* [TASK TO CARRY OUT]: Please, could you print all the lines below exactly, leaving out the pictures?

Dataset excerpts
☆ ☆ ☆ ☆

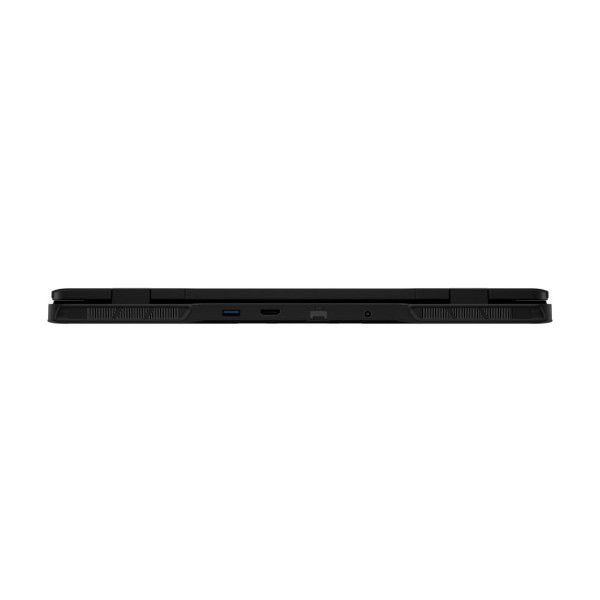 Ноутбук MSI Crosshair A16 HX (D8WGKG-216XUA)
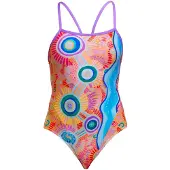 Funkita Fks030 Badetøy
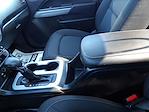 Used 2022 Chevrolet Colorado LT Extended Cab for sale #R-32058 - photo 25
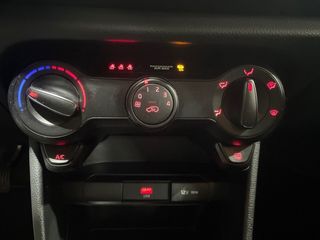 Kia Picanto 1.0 DPi 49kW (67CV) Concept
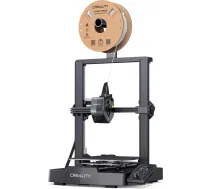 Creality Ender-3 V3 SE 3D printer (Ender-3 V3 SE 3D) (Creality Ender-3 V3 SE 3D)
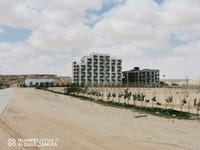 杜姆1房公寓出售 | OMR 29,000 | REF 110LC 縮圖 19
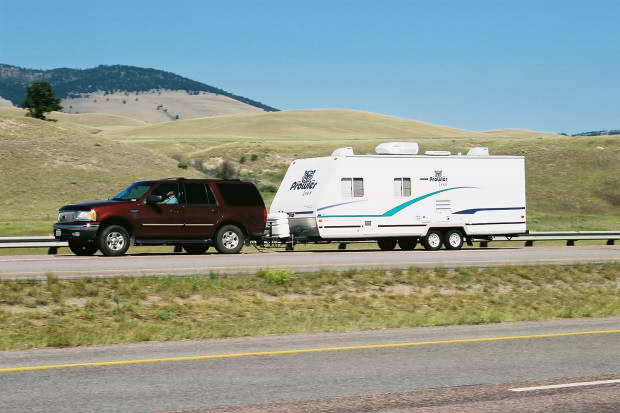 03-�C���^�[�X�e�[�g�n�C�E�F�C�X�O����
(620�~413pixel,39.1KB)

☆ ☆ ☆ ☆

* [TASK ANSWER]:
 Ноутбук MSI Crosshair A16 HX (D8WGKG-216XUA)
 Funkita Fks030 Badetøy
 Used 2022 Chevrolet Colorado LT Extended Cab for sale #R-32058 - photo 25
 Kia Picanto 1.0 DPi 49kW (67CV) Concept
 Creality Ender-3 V3 SE 3D printer (Ender-3 V3 SE 3D) (Creality Ender-3 V3 SE 3D)
 杜姆1房公寓出售 | OMR 29,000 | REF 110LC 縮圖 19
 03-�C���^�[�X�e�[�g�n�C�E�F�C�X�O����
(620�~413pixel,39.1KB)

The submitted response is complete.